FIGURE 67-4 The clinical, biochemical, and serologic course of hepatitis C infection. (Redrawn from http://www.cdc.gov/hepatitis/Resources/Professionals/Training/Serology/gr_hcv.htm)

Approximately 75% of cases of HCV are subclinical, but, when symptomatic, hepatitis C is clinically and biochemically identical to other forms of hepatitis (201,207). Figure 67-4 depicts the clinical, serologic, and biochemical course of HCV infection. Up to 85% of patients with hepatitis C develop chronic hepatitis (31,201,220,221). Despite resolution of hepatitis after HCV infection, HCV RNA can often be detected by PCR, indicating HCV persistence in asymptomatic, biochemically normal patients (about 30% of chronic carriers; 207,220). Symptoms or serum ALT level do not correlate with disease severity (220,222). Most patients develop chronic active hepatitis with or without cirrhosis (220, 221, 222, 223 and 224). Cirrhosis may variably appear in 20% to 50% or more of patients (201,207,224). Chronic hepatitis C has also been linked with hepatocellular carcinoma (207,225, 226 and 227). Patients seropositive for HCV antibody but with normal ALT values, no HCV RNA in serum, and normal hepatic histology, although uncommon, (up to 15% of those infected) probably have recovered from HCV infection (221).

There are several studies assessing the outcome of PTH resulting from HCV. Seeff et al. (228) reported a study of long-term mortality after non-A, non-B PTH in 568 patients matched with two control groups, both of which comprised patients who had been transfused but had normal ALT values after transfusion. After an average of 18 years of followup, there was a small statistically significant increase in deaths resulting from liver disease in the patients with PTH (3.3% vs. 2.0% and 1.1% in the control groups). In a retrospective study, Tong et al. (229) defined that PTH resulting from HCV evolves into a progressive disease; chronic active hepatitis (23%), cirrhosis (51%), and hepatocellular
carcinoma (5.3%) are noteworthy sequelae. Goedert et al. (230) recently reported 137 hemophiliac patients with end-stage renal disease (ESRD) and HCV infection; ESRD was significantly associated with HIV-1, older age, HBV coinfection, and a low CD4 cell count. Another study has suggested a more benign outcome (45% viral clearance by PCR) in children infected via transfusion (231).

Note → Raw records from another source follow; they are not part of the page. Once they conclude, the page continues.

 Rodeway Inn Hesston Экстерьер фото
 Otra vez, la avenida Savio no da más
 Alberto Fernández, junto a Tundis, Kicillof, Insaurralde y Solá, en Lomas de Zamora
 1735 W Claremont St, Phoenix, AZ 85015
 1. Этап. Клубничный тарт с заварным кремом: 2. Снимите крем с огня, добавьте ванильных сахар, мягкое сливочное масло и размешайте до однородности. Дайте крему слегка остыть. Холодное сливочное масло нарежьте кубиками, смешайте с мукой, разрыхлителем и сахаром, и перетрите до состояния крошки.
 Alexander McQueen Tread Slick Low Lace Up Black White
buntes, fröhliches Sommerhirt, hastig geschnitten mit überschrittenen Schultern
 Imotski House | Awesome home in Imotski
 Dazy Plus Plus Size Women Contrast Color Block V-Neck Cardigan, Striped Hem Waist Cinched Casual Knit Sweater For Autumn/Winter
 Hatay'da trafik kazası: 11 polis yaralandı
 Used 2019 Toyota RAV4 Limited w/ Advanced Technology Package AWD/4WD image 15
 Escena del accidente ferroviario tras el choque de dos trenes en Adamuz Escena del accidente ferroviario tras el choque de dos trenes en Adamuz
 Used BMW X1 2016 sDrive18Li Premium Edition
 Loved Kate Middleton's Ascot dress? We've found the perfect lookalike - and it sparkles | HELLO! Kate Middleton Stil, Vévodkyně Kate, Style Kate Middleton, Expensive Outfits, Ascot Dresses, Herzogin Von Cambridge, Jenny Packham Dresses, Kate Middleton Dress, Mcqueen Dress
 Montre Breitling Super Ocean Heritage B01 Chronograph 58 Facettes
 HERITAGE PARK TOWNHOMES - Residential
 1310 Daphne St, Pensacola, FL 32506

Before the development of the current serologic tests to detect HCV, surrogate markers for non-A, non-B hepatitis were used as screening methods for donor blood. Initially, ALT assays were proposed to help reduce non-A, non-B PTH (232, 233 and 234). Up to 45% of donor units implicated in transmission of PTH have ALT elevations >60 IU/L (179). Discarding units of blood positive for anti-HBc was subsequently shown to reduce posttransfusion non-A, non-B hepatitis (177,178; Fig. 67-5). Approximately 53% of blood donors implicated in PTH and positive for anti-HCV have anti-HBc (179). The use of these assays instituted in 1986 and 1987, respectively, led to an approximately 30% to 40% reduction of PTH (179). After 1985, blood transfusion as a source for acquiring HCV decreased to only 4% of new cases (220).

Contemporary molecular biologic techniques led to the discovery of HCV. Nucleic acid extraction of infectious chimpanzee plasma led to the isolation of viral RNA, its transcription to DNA, and expression after insertion into a phage. Screening of several million DNA sequences for production of proteins that reacted with antibody in the serum of patients with non-A, non-B PTH led to the discovery of a polypeptide (C100-3) that was developed as an antibodycapture RIA for HCV (204). This assay was quickly shown to detect 65% of donor blood capable of transmitting chronic PTH and 17% of acute PTH (235). This commercially available antibody capture RIA was adapted also to an EIA, which has been shown to detect HCV as a cause of PTH (236, 237 and 238). Initial enthusiasm for this assay dampened because of the delayed seroconversion and, therefore, potential seronegativity of blood donors infected with HCV (despite the greater sensitivity of first-generation EIAs compared with RIA; 210, 239, 240, 241 and 242). The sensitivity of the EIA and RIA for preventing non-A, non-B PTH resulting from HCV was variably estimated at 60% to 85% (206,239,243). First-generation assays for anti-HCV became positive up to a year after acute hepatitis C, and up to 20% of patients remained seronegative by these assays due to the insensitivity of the first-generation screening assays (210,237,244). Regardless, contrasting the period when only surrogate tests for non-A, non-B PTH were used to the period after 1990 when the first-generation assays were implemented, Donahue et al. (245) demonstrated an 84% reduction of the risk of PTH resulting from HCV among transfused cardiac surgery patients (Table 67-6).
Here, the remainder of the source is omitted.